Why do most of the scuba instructors only stay active for a year or less?
The answers are quite clear: after starting a job based on ‘lifestyle’ money, they all soon enough figure out that the lifestyle is nice for a few weeks, let alone a few months and next, get back to real life, a real job and earning real money! Then, just when they are getting the experience, the extra knowledge and more, it is at that moment that they turn around and leave the business, taking with them the needed professionalism this industry needs to grow and become better.
Is it time to change? Is it time to reorganize? Is it time to revalue the scuba professional?
Yes, it is, IF it is not already too late!
We have to take a good look at this profession and compare!
In an earlier edition of ScubaBiz.Help, I wrote an article about skydive instructors and scuba dive instructors, comparing the jobs!
It is quite similar. What I did not do, was compare the salaries!
What do you think? Should skydiving instructors be paid more as their job is more dangerous?
Should they make less money as pilots or even more?

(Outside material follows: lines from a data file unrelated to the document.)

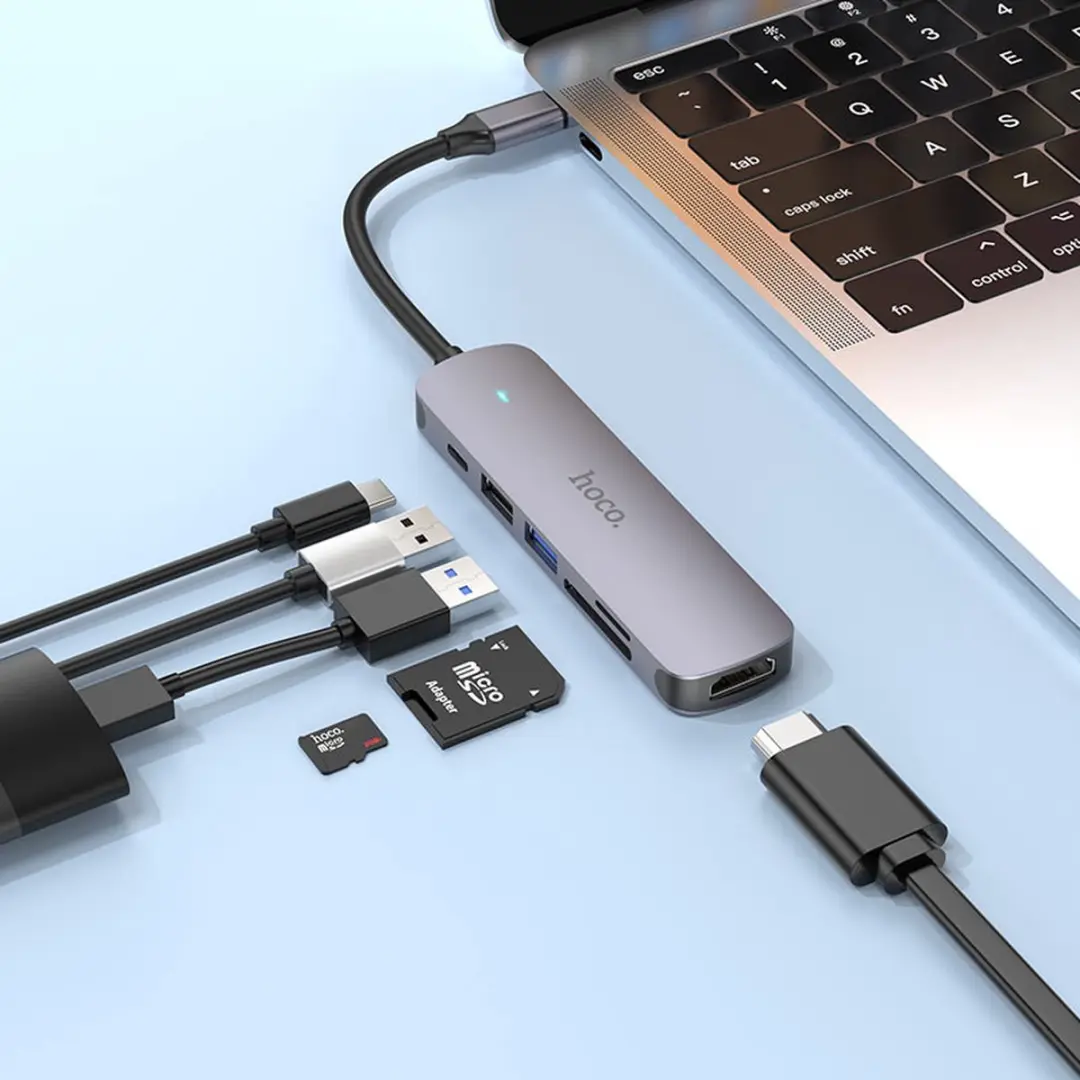 Hoco HB28 USB-C Adapter - HDMI + 3x USB + SD/MicroSD Lezer - Zilver Grijs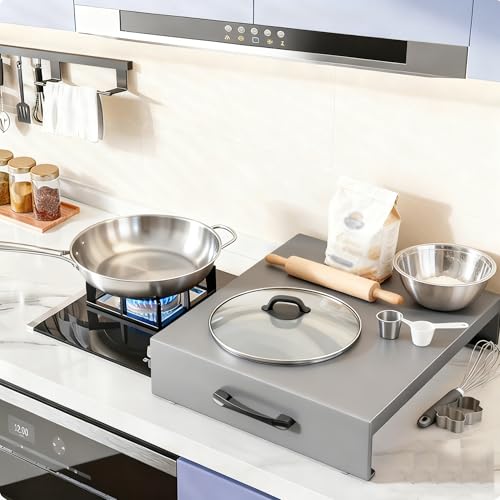 Multifunctional Gas Hob Cover Gas Hob Cover Plate Stove Top Covers with Handles for Compact Kitchens, Prep Areas and Apartments(Grey,L13.78xW17.72xH3.54IN)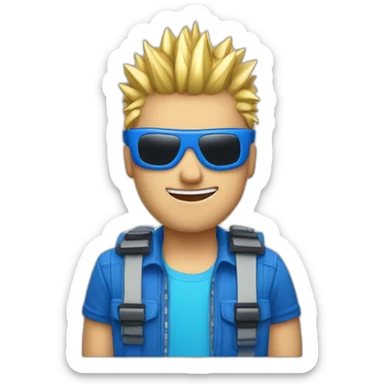 guy with blonde spiked hair, motherboard visor, blue supreme shirt and wink-blink face sticker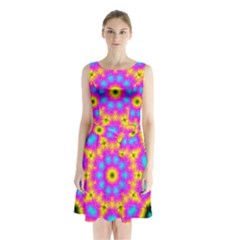 Background Fractal Structure Sleeveless Waist Tie Chiffon Dress by Pakrebo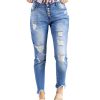 Azura Exchange Button Front Frayed Ankle Skinny Jeans – L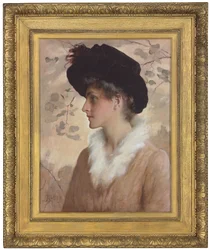 Naisen puolivartalomuotokuva, yllään musta hattu ja turkispuuhka, 1888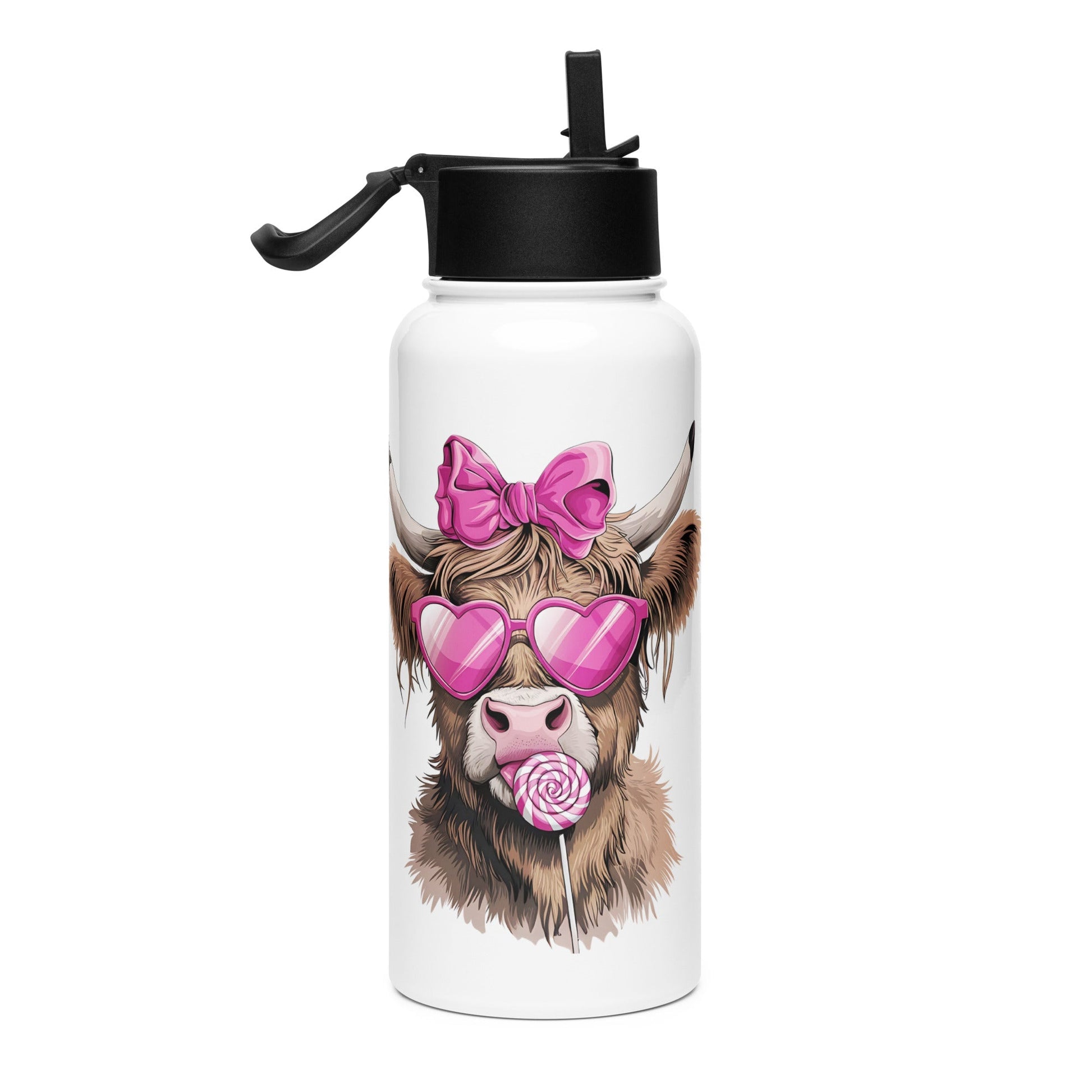 Pink Highland Cow Stainless steel water bottle with a straw lid thrush Store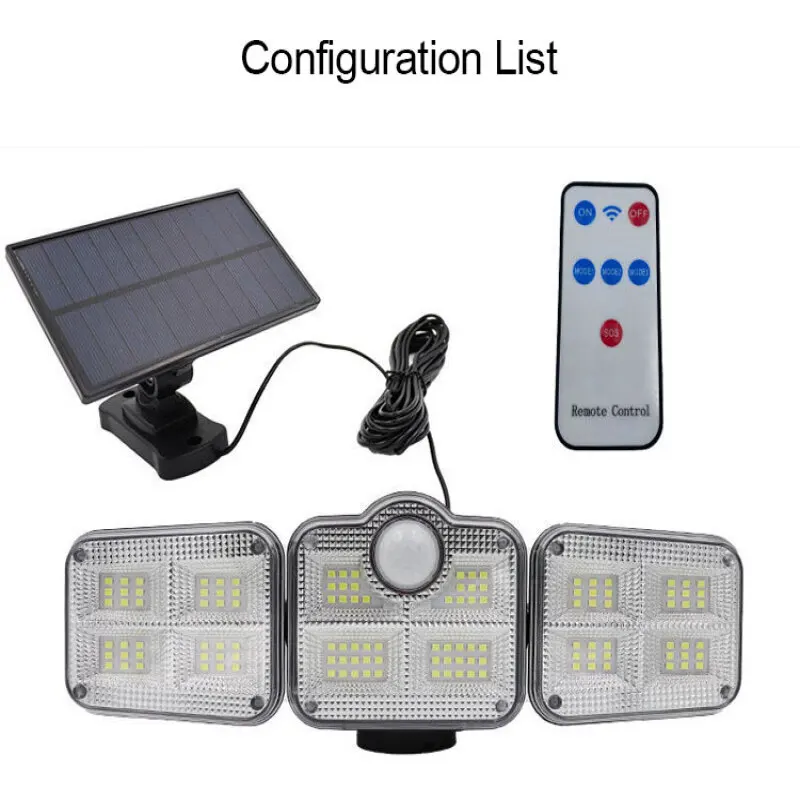 Solar Wall Light Three Heads Split Outdoor Solar Garden Light Body Sensor Lights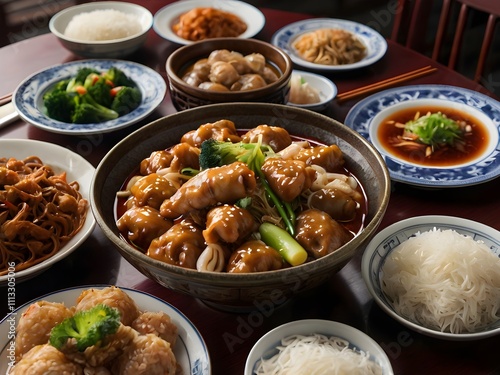 various kinds of Chinese food on the table during Chinese New Year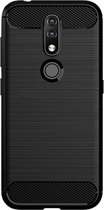 Shop4 - Geschikt voor Nokia 3.2 Hoesje - Zachte Back Case Brushed Carbon Zwart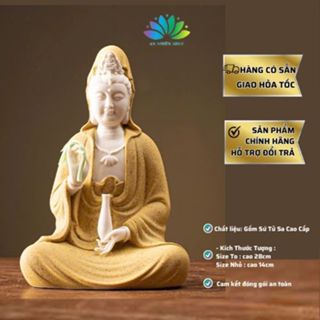 Tượng Quan Âm Bồ Tát Tự Tại An Nhiên Gốm Tử Sa Cao Cấp, Tượng Phật Decor Phòng Khách Đem Lại Tài Lộc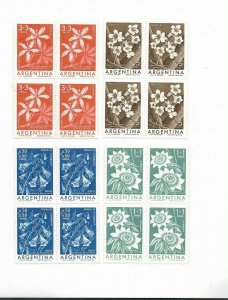 ARGENTINA 1960 FLOWERS IN BLOCKS OF FOUR VALUES MINT NH SCOTT B26/9 MI 754/7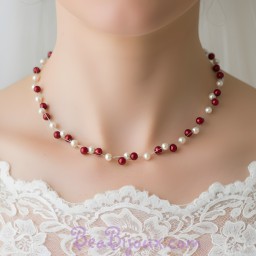 Collier mariage blanc et bordeaux CO1166A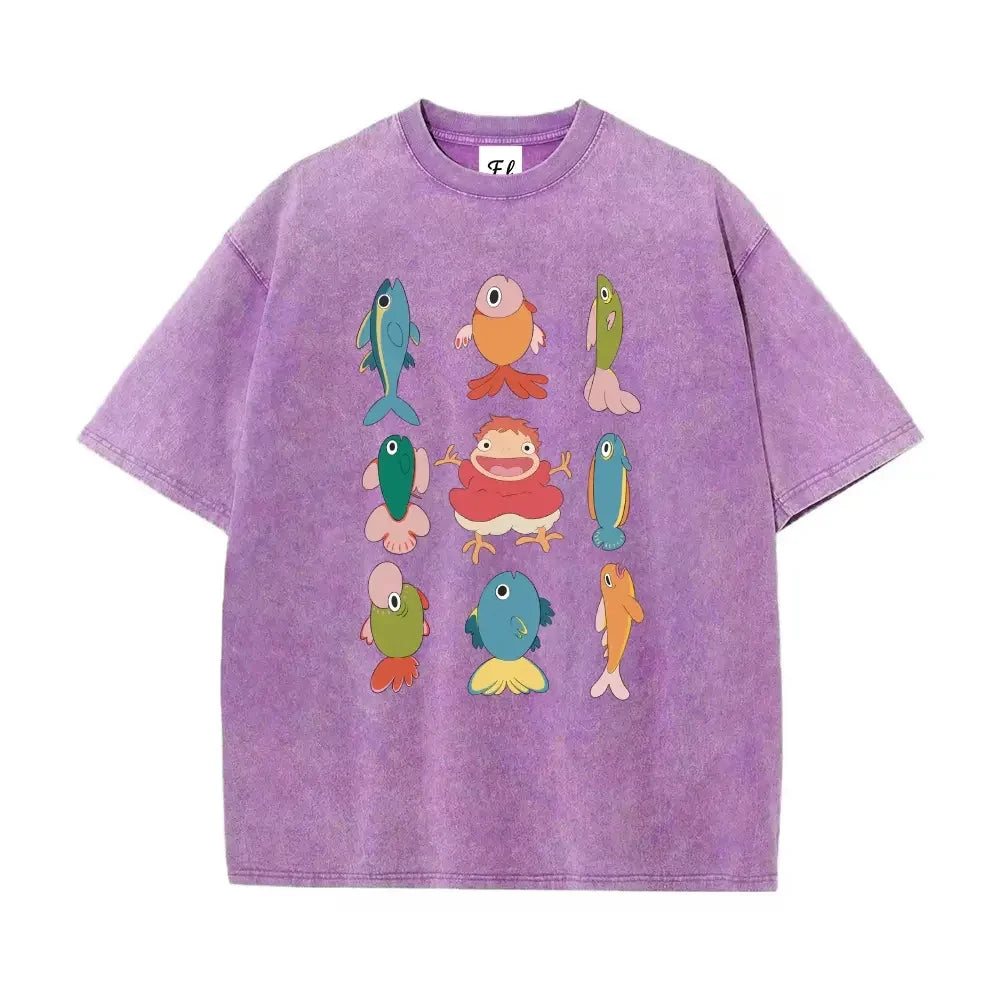 Studio Ghibli Ponyo with Colorful Fish Print Washed T-Shirt
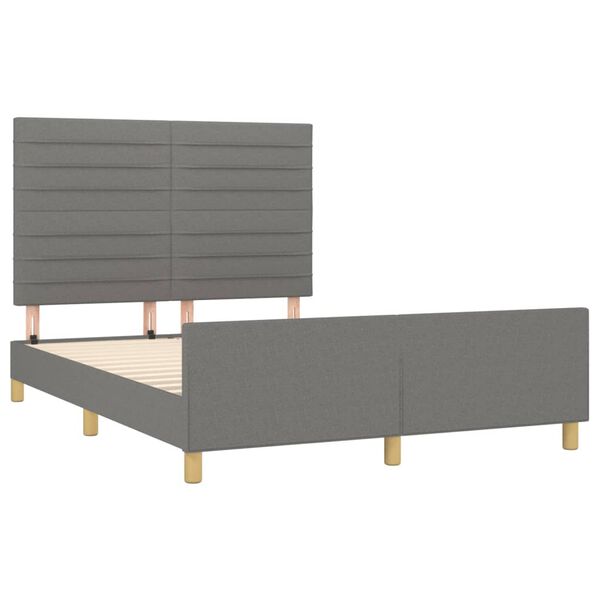 vidaXL Bettgestell ohne Matratze Dunkelgrau 140x200 cm Stoff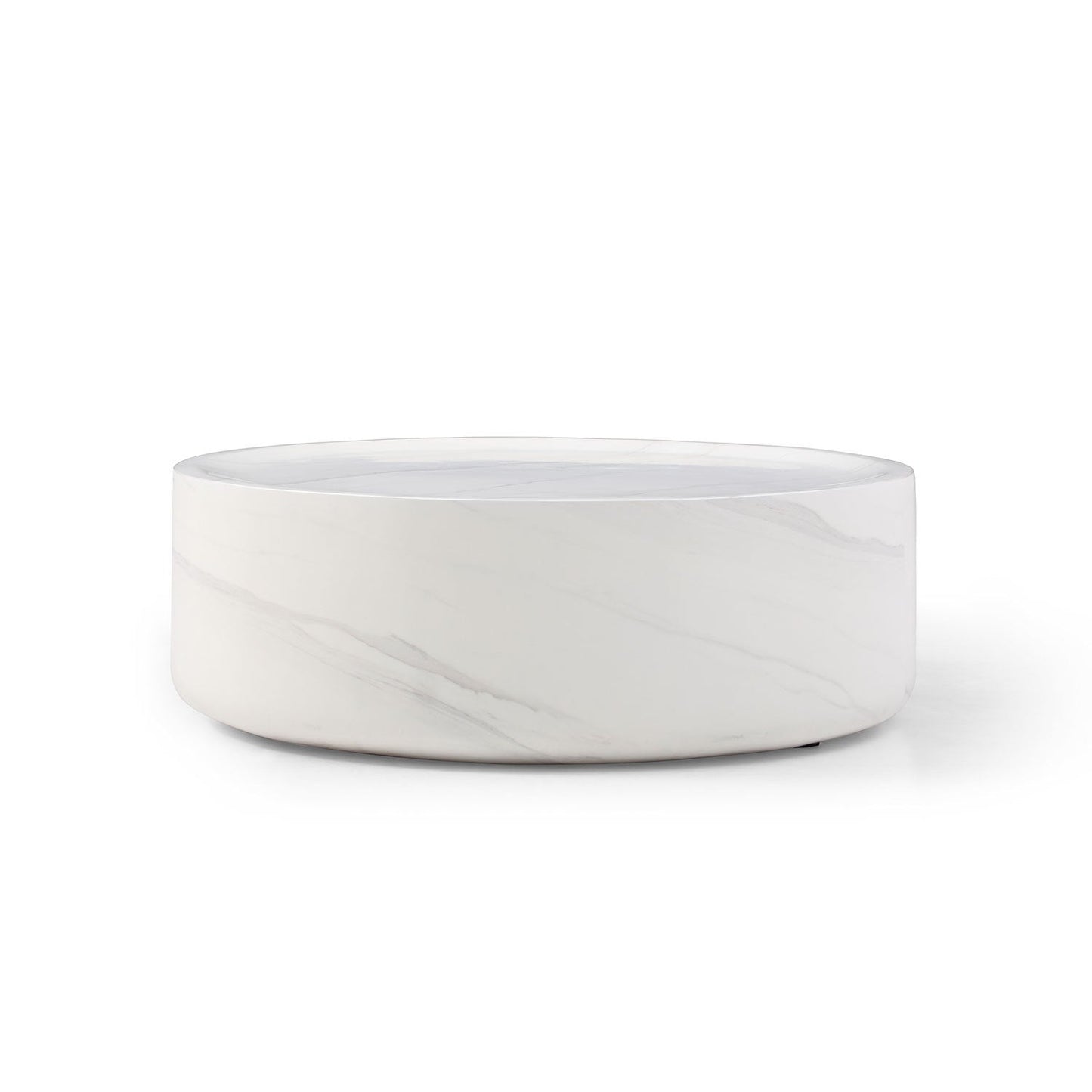 31.49'' Round Coffee Table,Sturdy Fiberglass Table for Living Room, White, No Need Assembly.WHITE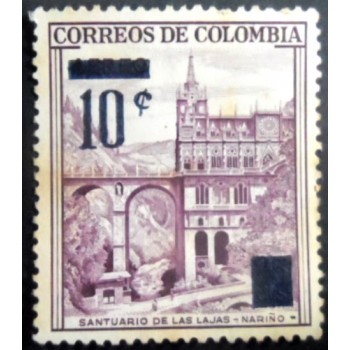 Selo postal da Colômbia de 1959 Las Lajas Sanctuary Nariño Overprinted N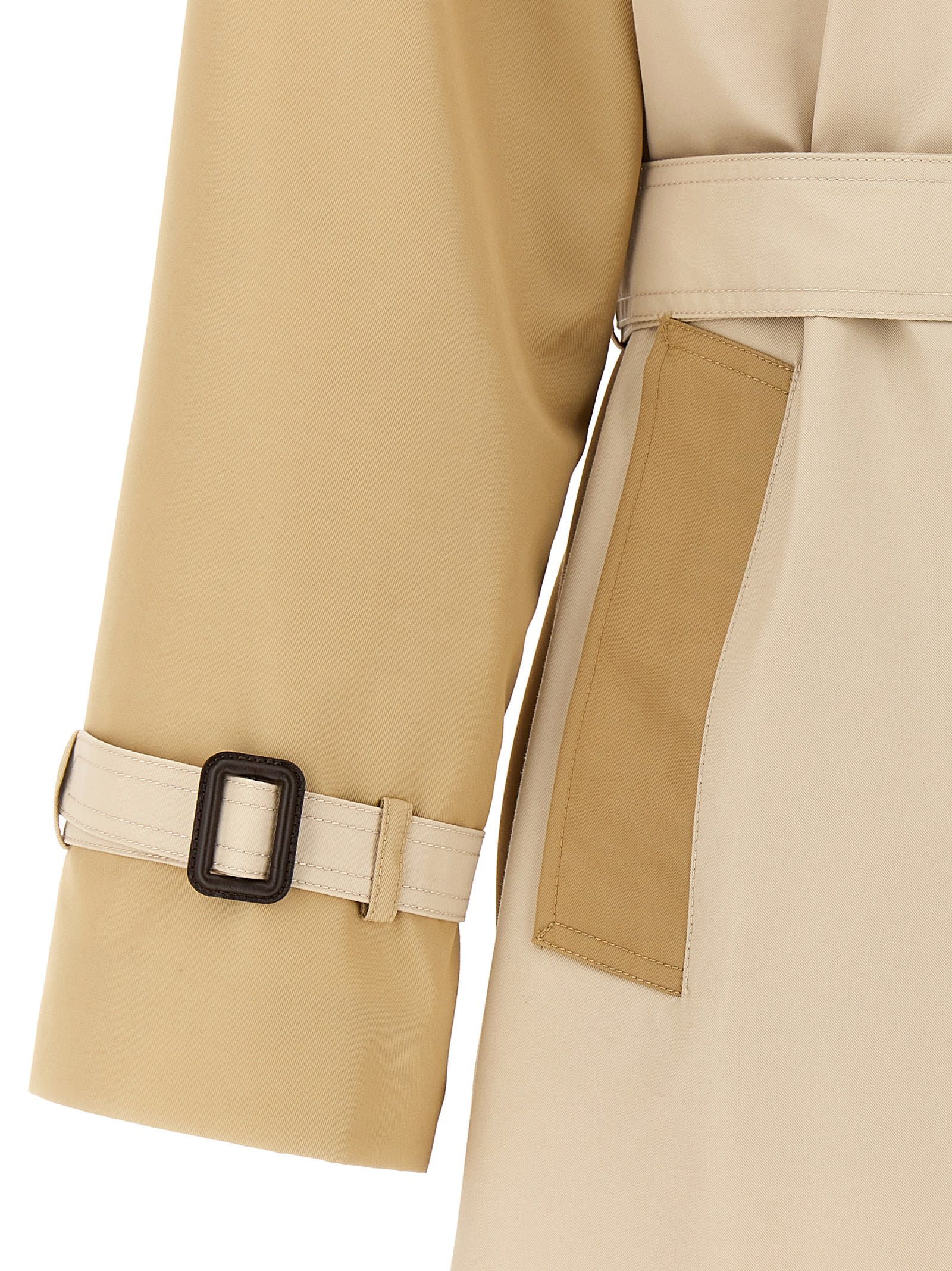Weekend Max Mara Trench Coat Belted Contrast Collar In Gray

And what about the scuba instructors? Suppose our industry wants experienced and long-lasting professionals. In that case, we should allow these people to build a real careers, earn money to buy a house, start a family and live a decent life like all other professions!
If we do not value scuba professionals to the same level as other professions where risks are that high, and responsibility comes to a level of zero tolerance in making mistakes (how many of those professions are there?), the future of scuba diving will be seriously in danger, and scuba diving itself will be impacted tremendously!
There is more to scuba diving than just Try Dives or Discover Scuba classes!
But at the rate, this is going, that might be the only thing that will be left to do on your next holiday as there will be no more scuba professionals around to take you to the next level: becoming scuba certified to dive independently.
Many Next Generation divers are just not willing anymore to take on those commitments mentioned above for the little money offered in the scuba diving business!
With this article, I am NOT pointing to any specific dive organization or company. Instead, I am just stating the findings of a few years of research, being in the real world of scuba diving on a daily basis.